Hafdean nodded. Mortal bread protected against mortal banes, which made it the most precious thing in all the Onyx Hall. These fae lived beneath London itself, and few of them had a church grim’s tolerance for church bells. And iron, of course, hurt everyone. “What is it you need?” the hob asked.

“Someone who can look into a mortal’s dreams, and read what lies there.”

“Whose dreams?”

Magrat winced. But truly, had she expected Hafdean not to ask? Someone would have, sooner or later. “A Jesuit priest’s.”

His laughter echoed from the tavern rafters, knobbled beams like old black bones. “Not for bread, no; not for the heart of Mab herself. You’re mad if you think anyone would try.”

Not mad, just desperate. She didn’t know who’d confessed to Tesimond, which meant the priests were presently her only sources of information. “I think some Catholic is planning something,” she said at last.

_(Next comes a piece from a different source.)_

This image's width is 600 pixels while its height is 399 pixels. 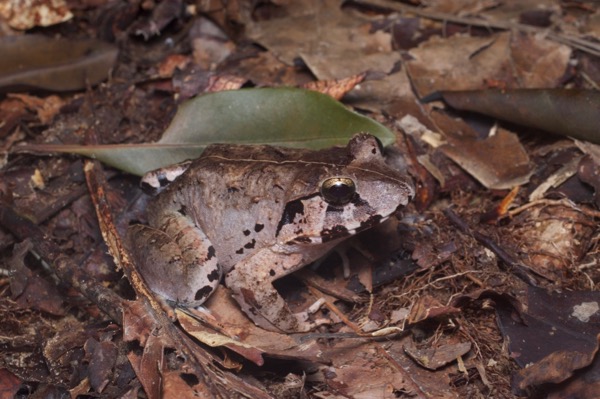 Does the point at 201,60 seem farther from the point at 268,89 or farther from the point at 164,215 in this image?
the point at 164,215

Hafdean managed to look down his lumpy nose at her, even though his platform put them at equal height. “I remember more than just your name, Magrat. I remember the first time you came into this tavern. Full of grand statements, you were, how faeries shouldn’t meddle in mortal doings. Now here you are, asking just that, because now you’ve found something you care about. A Catholic something, at that.”

Venom dripped from the word. Fae didn’t care a rush for the points of doctrine that divided mortals, but they did care about the effects. Catholic rituals had been around a long time; they’d worn channels in the fabric of the world, strengthening their power against faeries. The hot faith of puritans could be just as bad, brute force acting in time’s stead, but the Reformation was a good thing in the eyes of many fae.

Particularly those of the Onyx Court. Living as they did beneath dozens of churches, of course they favoured anything that made it easier for them to walk outside.

Magrat didn’t want to debate religion with the keeper of the Crow’s Head. Instead she used the other obsession of these London fae. “If there’s Catholic trouble, it means trouble for everyone. And your Queen doesn’t want that, does she?”

Hafdean scowled. Magrat had never seen the Queen of the Onyx Court, but she knew the tales: Lune had sworn to work for the good of England and its people. She even ruled with a mortal man at her side, the symbol of her pledge to live in harmony with his kind.

Secret harmony, of course. Even besotted with love, as rumours claimed, Lune wasn’t mad enough to think fae could announce their presence beneath London and survive. If her subjects wanted to meddle, they had to do so in stealth.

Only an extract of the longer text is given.